Nightshift is an annual Labor Day party thrown by the heads of local labor groups under the banner of Working Californians for several years now, and with its customary $20 price for general admission, it’s become one of the best values for the SoCal concertgoer. This year’s lineup was typically eclectic but tilted heavily to the kind of music that sounds great on a summer festival field. And it had the advantage of taking place on the first overcast, breezy day following a two-week heatwave, prompting a noticeable sense of relief among the show goers.
We arrived at 5pm, having missed two local favorites in Ozomatli and Poncho Sanchez (it’s okay, something tells me both will play again in LA during my lifetime), but in time for Big Sam’s Funky Nation, who were dropping slabs of earth-moving funk with ease. These guys specialize in loud, horn-punching, electric music that demands a physical response. It was precisely the band I’d have hired for a beer and barbecue gathering in the park, Meters and Funkadelic covers with originals in the same vein.

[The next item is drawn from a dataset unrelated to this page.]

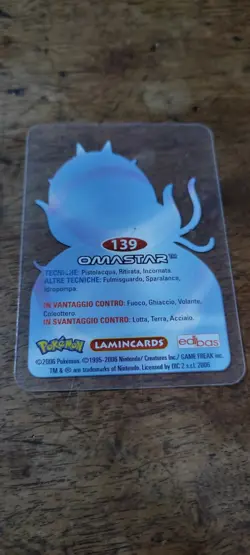 Omastar 139 Pokemon Lamincards Edibas - ITA - GOOD - Image 2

It was a cool scene, with food trucks for all tastes, short lines for most amenities and wide open spaces for ticket holders to spread out with good sight lines to the stage and a clear, powerful PA system. I spotted Craig Robinson dancing to old school at the DJ booth.

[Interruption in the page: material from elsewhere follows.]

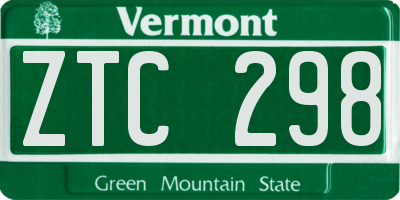 VT license plate ZTC298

The arrival of the Revolution onstage, over the familiar opening drum beat to “Computer Blue” provoked a roar of recognition from the crowd. There they were, the actual Wendy and Lisa, mutually agreeing on the appropriateness of the water temperature before launching a set of Prince classics from his most-beloved era of 1983-86 (Purple Rain, give or take a few years) with the band that sometimes played on those records and always gave him a solid backing on the concert stage. Wendy Melvoin, Lisa Coleman, Bobby Z, Dr. Matt Fink, and Brownmark were joined by Mint Condition singer Stokely Williams, who took lead vocals on about half the set.
I expected it to be emotional hearing these songs live again, and it was, for them and us. I was holding it together through the opening segment that included the rarely-performed “America” and “Mountains”, noting how razor sharp they still sounded, thinking Wendy and Brownmark were doing a fine job covering the singing. Technically, it was working out, and everyone was grooving. I loved that they were doing some of my favorite songs that Prince himself rarely if ever did himself.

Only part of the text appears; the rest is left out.